Aus dem Buch „Verabredungen im Wald“ .  Vierte Teil (von vier)

Der dritte Blick…?

Als ich wieder zurück in der Schweiz gelandet bin, bemerke ich einige Details, die mir vorher nicht aufgefallen waren. Der Flughafen ist marmoriert, blitzblanksauber und mondän, aber kühl. Nichts strahlt menschliche Wärme aus. Der Flur ist umgeben von Luxusläden. Ich bemerke am Rande eine Angestellte, die sich in dem verlassenen Geschäft eine Atempause gönnt. Während des Gesprächs hört die perfekte Verkäuferin auf zu schauspielern und beschreibt ihren Alltag:
– Wenn ich eine Viertelstunde zu spät komme, krieg ich ein Bußgeld. Wir werden ständig kontrolliert, müssen rentabel sein. Wenn man nicht aufpasst, verliert man schnell den Draht zur Familie und am Ende hat man sogar keine Freunde mehr.
Auch mein schönes sauberes Land kennt eine Art schreckliche geheime Not… Bevor ich weggehe, sage ich dieser Frau, dass Gott an sie denkt und dass sie mit Ihm darüber reden sollte.
Auch hier sind überall Plakate zu finden. Werbungen mit göttlich schönen Frauen, die uns von oben herab betrachten und mit Schmuck oder Uhren prahlen, als wären es Talismane, die Erfolg versprechen.
Diese Bilder werden komplett von schöpferischen Informatikern gestaltet.
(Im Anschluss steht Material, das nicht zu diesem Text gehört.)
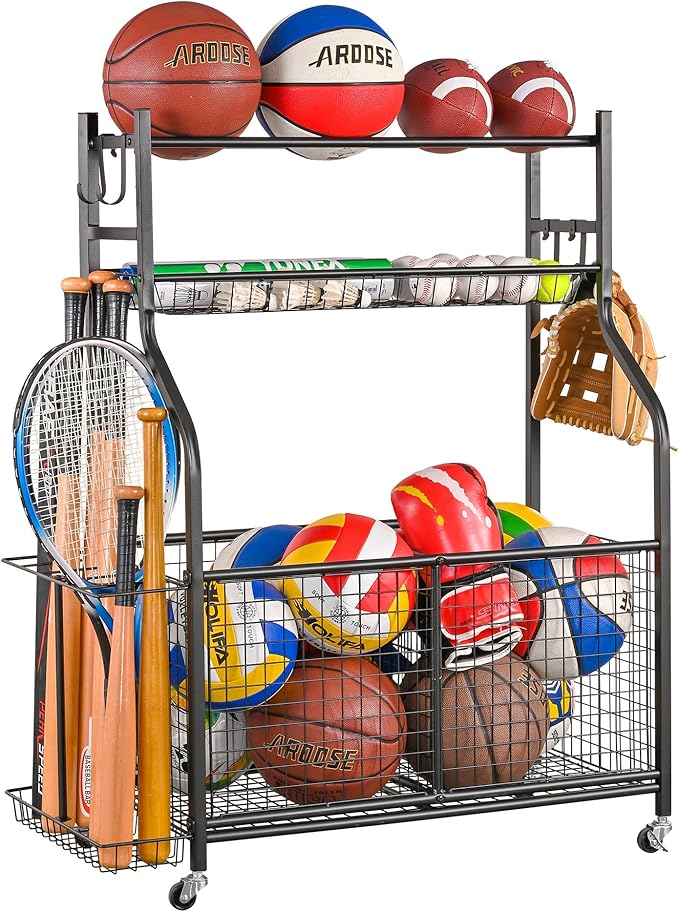 Mythinglogic Sports Equipment Garage Organizer,Garage Ball Storage for Sports Gear and Toys, Rolling Ball Cart with Wheels for Indoor/Outdoor Use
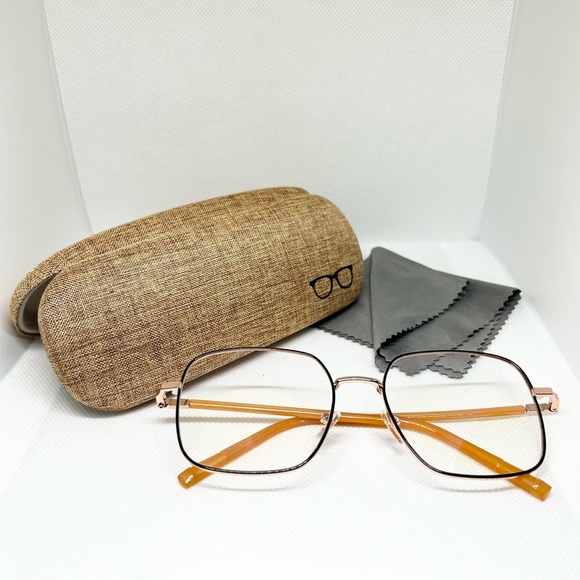 Rose Gold and Peach Frame Blue Light Blocking Optical Glasses with Hard Case - Picture 1 of 4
Es sind auch erbarmungslose Götzen, die heimlich verehrt werden und die ihre Verehrer anlügen, indem sie ihnen weismachen, dass sie keine Bewunderer wären, aber ich lasse mich nicht beirren. Alle versuchen doch so auszusehen, wie auf diesen Bildern…
Aus dem Zugfenster kann ich weder das Elend der Barackensiedlungen erkennen noch die grellen und bunten Farben Indiens, noch das natürliche Lächeln der Passanten, noch die unerwarteten Ereignisse, die an jeder Straßenecke einen überraschen, noch die zahlreichen Jugendlichen, noch diese vielen handwerklich geschickten Bastler, die sich zum Überleben die urigsten Berufe ausklügeln, noch diese alten Menschen mit langem weißem Bart, noch ihre prickelnde Lebensfreude, die in ihren Augen zu sehen ist…
Ich bin fast darüber geschockt, dass die Straßen so leer sind (es sind nur ein paar Alte zu sehen).
Wo sind die Bewohner meiner Heimat? Verkriechen sie sich alle zu Hause vor ihrem Bildschirm, der sie hypnotisiert? Hat sich eine Katastrophe ereignet, die die Mehrheit der Bevölkerung ausgerottet hat? Was ist denn in meiner Abwesenheit geschehen? (Kaum bin ich weg, und schon geht alles den Bach runter!) Vielleicht hat der Umbruch nicht hier, sondern bloß in meinem Blick stattgefunden…

Das erste Plakat
Ein Plakat mit einer Zeichnung von mir wird bald in Indien auf den Straßen zu sehen sein. Möge es wie Samen aus dem Jenseits Hoffnung im Herzen der Inder säen, die es anschauen werden.